Bagi sebagian orang, tertawa mungkin dianggap sesuatu yang biasa-biasa saja, sehingga sering kali menggangap kalau tertawa itu hal yang sia-sia. Padahal, tertawa membawa manfaat bagi kesehatan tubuh, psikis, dan otak. Dengan tertawa kita merasa lebih baik, beban pikiran berkurang (stres), pikiran lebih fresh, dan mengurangi kesedihan. Selain itu tertawa juga sebagai alat menghibur bagi sahabat kita yang sedang bersusah hati, atau galau akibat putus cinta. Dengan memberikan stimulus lewat cerita lucu, atau memperagakan sesuatu yang lucu, kita akan mudah membahagiakan orang lain dengan tertawa. Mungkin ini lebih tepatnya disebut, ‘berbuat baik melalui tertawa’, sebagaimana tertawa (bahagia) itu dapat menular.
Apakah tertawa itu selalu bernilai baik bagi orang lain? Jika tertawa itu dilakukan pada hal-hal yang positif, maka nilai kebaikan tertawa itu terletak pada keadaannya (konteks). Adakah tertawa yang tidak baik? Untuk menjawab pertanyaan ini, saya membantu Anda untuk mengingat kembali sinetron Bawang Merah Bawang Putih yang ditayangkan oleh salah satu stasiun TV nasional tahun 2004-2006, atau jika mundur lagi kebelakang, ingatan kita tentu masih kuat pada film-film kolosal yang populer tahun 80-an. Anda bisa melihat tertawa yang dilakukan di atas penderitaan orang lain. Kita mungkin akan merasa iba, jengkel, marah, melihat adegan itu walaupun dilakukan dengan cara rekayasa. Tapi paling tidak, kita sedang menunjukan kepedulian pada sesuatu yang tidak layak dilakukan.

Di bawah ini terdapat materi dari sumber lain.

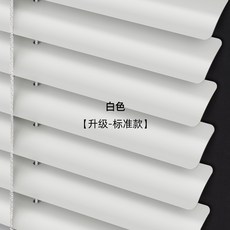 롤브라인드가격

Apa pesan moral dari sinetron dan film itu? Anda bisa memberikan penilaian sendiri.
Apakah tertawa di atas penderitaan orang lain hanya ada dalam film atau sinetron? Beberapa waktu lalu, sebuah akun FB memposting seorang anak Balita yang sedang mengidap penyakit serius, sudah dua tahun Balita tersebut tidak dapat Buang Air Besar (BAB). Banyak komentar positif pada postingan itu sembari memberikan dukungan moril pada Balita dan sekeluarga, serta berharap ada uluran tangan dari pihak-pihak yang dititipkan Tuhan untuk membantu meringankan beban keluarga dan untuk kesembuhan si Balita. “Semoga cepat sembuh, aammin”, komentar singkat dari salah satu akun FB. Walaupun hanya sepenggal kalimat pendek, paling tidak kalimat itu mengisyarakatkan ada kepedulian antar sesama.
Diantara kolom komentar, tersisip satu komentar meme berbentuk gambar yang mengundang reaksi orang lain, gambar seorang anak kecil disertai kalimat ‘Pantario Doru Kaku Pototaha (Tunggu dulu saya mau tertawa)’. Disinyalir pemilik akun tersebut adalah salah satu orang terhormat di Morowali. Jika meme dianggap lelucon.
Pantaskah lelucon itu dilekatkan pada satu keadaan yang tidak sepantasnya dilakukan? Silakan menilai.